The downside is cost; GP's bone-conducting headset is $90, and the other pair they mention is $60. A good pair of ANC earbuds starts around $200, and some of the better pairs are upwards of $300.
Worth the money, IMO, but if $60 is all you can afford, GP's might be the better bet than super sketchy-quality cheap ANC earbuds.
What's the frequency response like on those? Can you hear low-end bass in a way that sounds good?
Robot vacuum. Autistic and ADHD and could never keep on top of keeping my floor clean. But I can now!
Been looking at these for a while but I can't seem to decide on one, any suggestions?
These free up so much time. Love mine too. I cook a lot and mess around a lot in the open kitchen/living room area and had to sweep the floor daily..not anymore.
Y'all this sound crazy, but the Bug A Salt is fucking awesome.
It's worth it if you can get a black Friday deal or something under 30$ because it's just a little salt when you shoot it and there's no guts on your wall, no dirty fly swatter, no chasing, no jumping, no reaching, and you feel like a sniper hitman.
Its not a toy. That shit hurts when you get hit lol
Flipper Zero - I'm not being devious with it. Yet.
Kidding - I bought it since I am a ham and I can find a dozen uses for it in the field.
It'd probably be worth it just to turn off the TV's that blare ads at you at train stations and such if it can do that.
they had TV b gone years ago. I'd wager it is still around or has many improved copy cats.
I hear the modded firmware takes all the restrictions off, and you can broadcast in a greater range, for car remotes, as well as read more from RFID, like credit cards. Not that I would know of course
I'd have a ham sandwich
Any idea if they ever go on sale? $175 seems a bit much for what it is.
Ham here too, what practical uses have you found? Mine is sitting in a box, I got it almost a year ago and haven't checked the latest firmware or apps in almost that long.
Cordless vacuum was a costly one but certainly made that chore a lot more easy and kinda fun. I planned to store it in a closet but I'd take it out every few days so eventually I started leaving it on the floor, it's not in the way there either.
3D printer. At any moment in time I could just print something out and it would be ready by the time I finish eating. The possibilities are endless, plenty of free models online or just learn how to design yourself.
Edit: I currently use an Elegoo Neptune 4 Pro
Mobile telephone. Does all kinds of fancy stuff, it's even got a torch!
Bone conducting ear phones, I have tiny narrow ear canals and can't get any type of ear bud to go in my ears, the bone conductors are a revelation for listening to audio books, radio and music when I'm out and about
Refillable Salt and Pepper-Mills. I can "feel" now how much Salt or Peper I add to something.
InstaPot. It makes a lot of things so much easier to cook. Rice, lentils, potatoes, eggs... I use it mostly for that. No need to stand there stirring, looking at the clock. Fire and forget and always perfectly cooked.
I love mine, if for nothing more than making my porridge on a timer so it's ready for when I get up in the morning
Totally
Modern induction hobs usually have built-in timers and boil sensing, which is nice. No need for an extra appliance.

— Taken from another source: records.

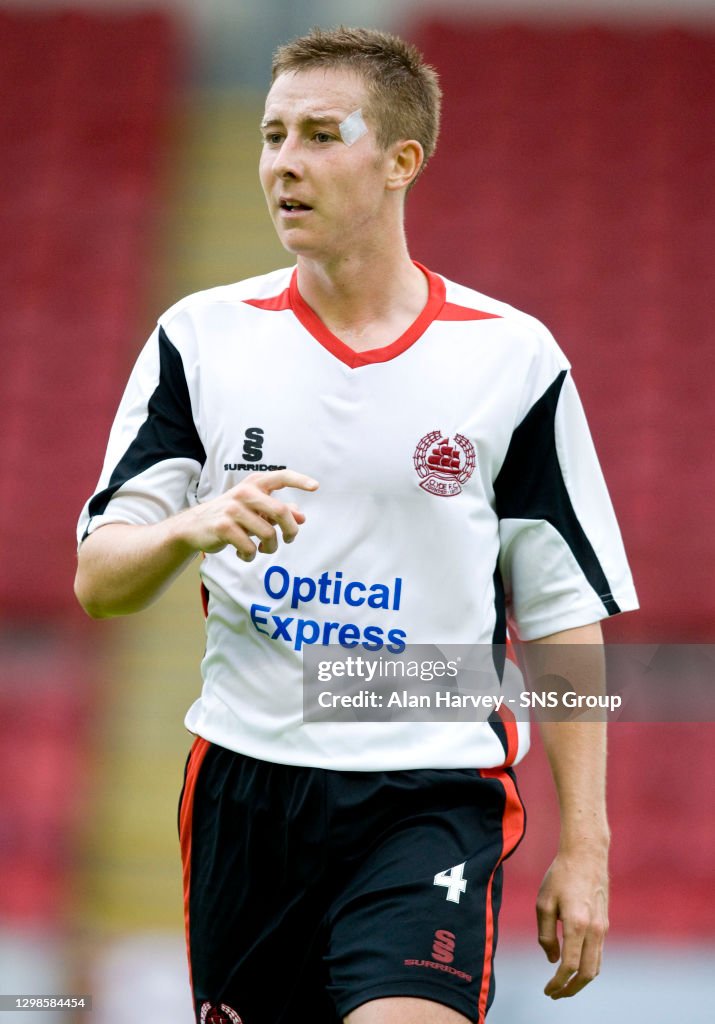 3007/08 PRE-SEASON FRIENDLY.CLYDE V HIBS.BROADWOOD - CUMBERNALD.Chris Higgins in actin for Clyde (Photo by Alan Harvey\SNS Group via Getty Images)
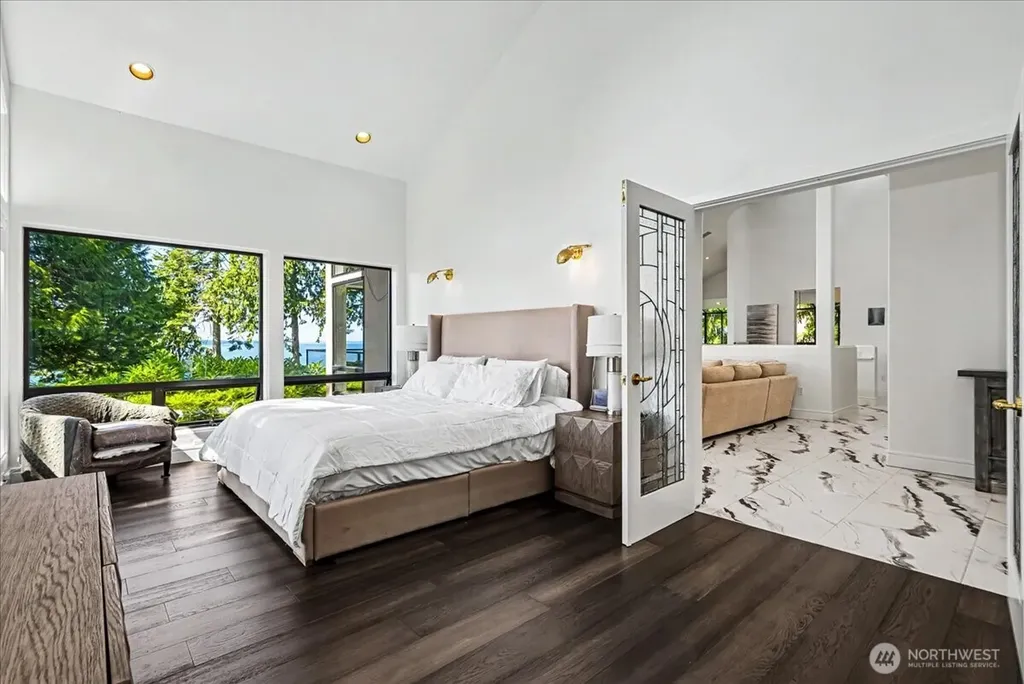 1385 E Ludlow Ridge Road Port Ludlow WA 98365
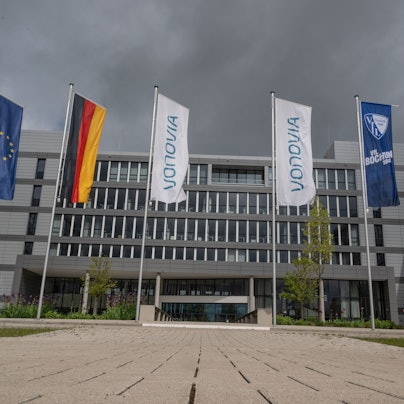 Fahnen wehen vor der Konzernzentrale des Immobilienkonzerns Vonovia in Bochum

I don't think is the same. I've used pressure cooker with induction plate and it's just not as easy and precise as instapot
Ah okay, my mistake. Maybe I misunderstood what an Instapot actually does, or what kind of product it is. Should've looked it up before commenting.
Its kind of silly, but VR. I like hanging out in vrchat with my internet friends and it makes me feel a lot closer to them. Even when we're just talking and goin to cool worlds.
Not for everyone obviously, but I developed a synthesizer habit some years ago, and right now is probably the best time ever for a beginner to get into it. Korg's Volca series, Roland's Aira compact, teenage engineering's Pocket Operators, Arturia's Microfreak, and Elektron's Model series are all affordable and a great way for a beginner to start making some cool-ass music. Beware developing a habit though. It only stays affordable so long.
A wedding ring. Enlightens my life every day.
My espresso machine. They're expensive. I do not know why they are, but they are. I hemmed and hawed for years about us getting one and finally decided fuck it. Im an adult, I want one, we can afford it.
In 2+ years the only times I have not made myself a cappuccino are when I have not been home to do so. It is one of my most used appliances. Espresso owns.
The cheap (est, I think) fitbit. Dropped a 100lbs and it was a big part of the motivation.
Same.. 35kgs for me.. I've put about 10kg.back.on..but im less active than I used.to be to get the weight off
That's awesome. Yeah, definitely a rollercoaster for me, winter gets harder since walking was/is a big part of my routine. But even 25kg must feel great. I love feeling like I've kept some of the muscle, but lost a beer keg worth of extra weight every time I climb some stairs or carry something heavy.
Have you done solo exercises or with others?
At first, solo, very solo. Like I'd even avoid my wife until I felt comfortable, because at my size (was over 300lbs) certain things were embarrassingly difficult. As I lost some, and more importantly found workouts that worked for me, I started venturing out, now I do a lot of group classes (dance stuff mostly). Even though I'm still often the biggest, I feel a lot better about myself overall so I enjoy it and I've found some very supportive studios with awesome vibes.
If you don't mind, how did the Fitbit motivate you to be more active? I've been considering one for a while but it doesn't seem like something I'd have a lot of utility for
Two ways:
One, it kinda gamified it for me, just having a score, meant I could go for a high score on days when I had the time for lots of steps/exercise. They build some in too, like streaks and hitting goals.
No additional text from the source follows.